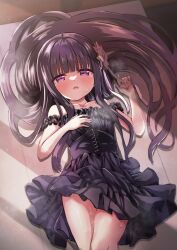 Rule 34 | 1girl, artina, bare shoulders, black dress, black hair, blush, breasts, commentary request, dress, flower, hair flower, hair ornament, hair spread out, highres, long hair, looking at viewer, lying, on back, open mouth, original, purple eyes, small breasts, solo, sweat, very long hair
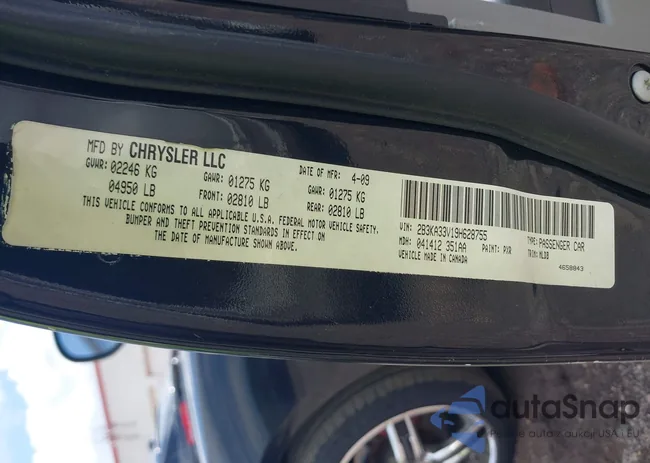 2B3KA33V19H628755: 42375628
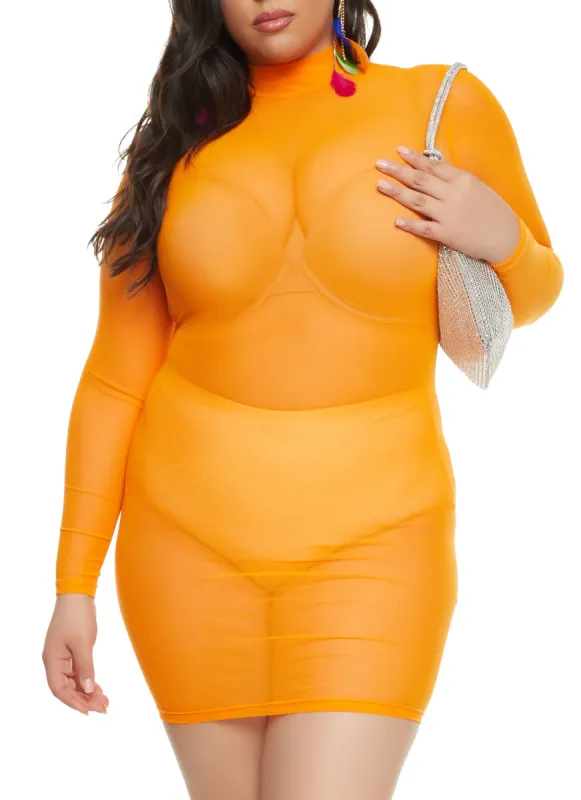 Plus Size Mesh Mock Neck Mini Dress sold by Rainbow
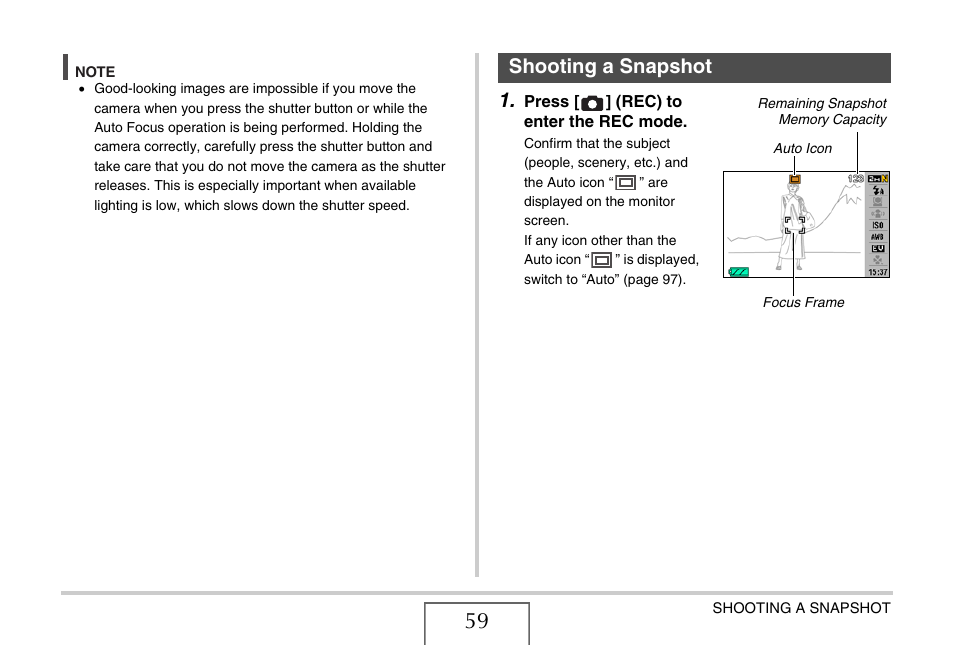 Shooting a snapshot | Casio EX-Z15 User Manual | Page 59 / 265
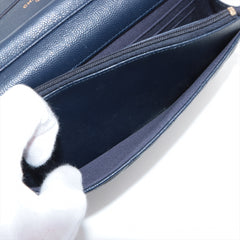 Chanel Caviar Wallet On Chain WOC Navy (microchipped)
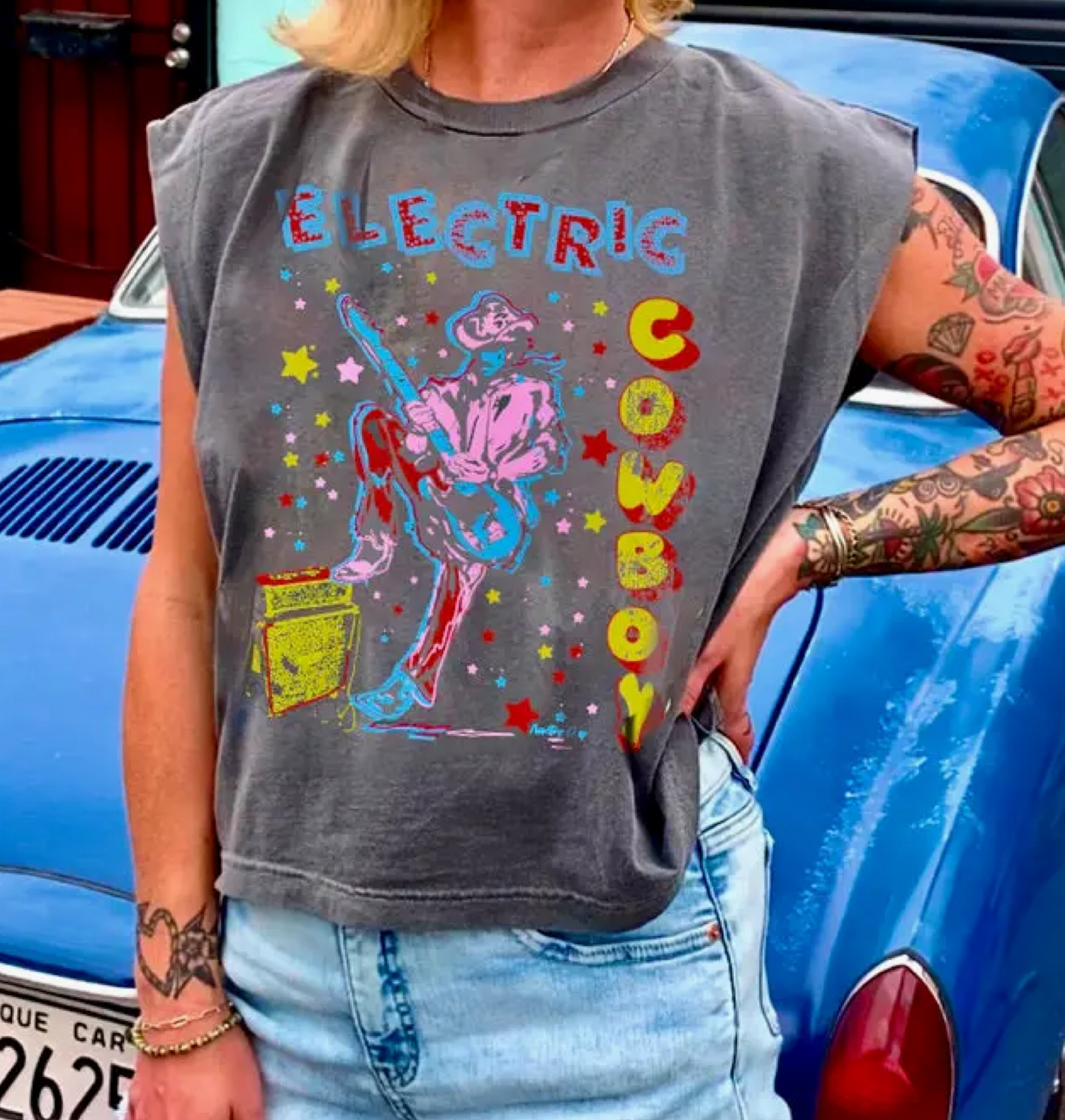 Electric Cowboy Midriff Boxy Muscle Crop Top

Task brief: Word for word, give again the lines from the first entry to the line with "Plus Size Mesh", inclusive. Exclude the pictures.

Response area:
 Rule 34 | 1girl, artina, bare shoulders, black dress, black hair, blush, breasts, commentary request, dress, flower, hair flower, hair ornament, hair spread out, highres, long hair, looking at viewer, lying, on back, open mouth, original, purple eyes, small breasts, solo, sweat, very long hair
 2B3KA33V19H628755: 42375628
 Plus Size Mesh Mock Neck Mini Dress sold by Rainbow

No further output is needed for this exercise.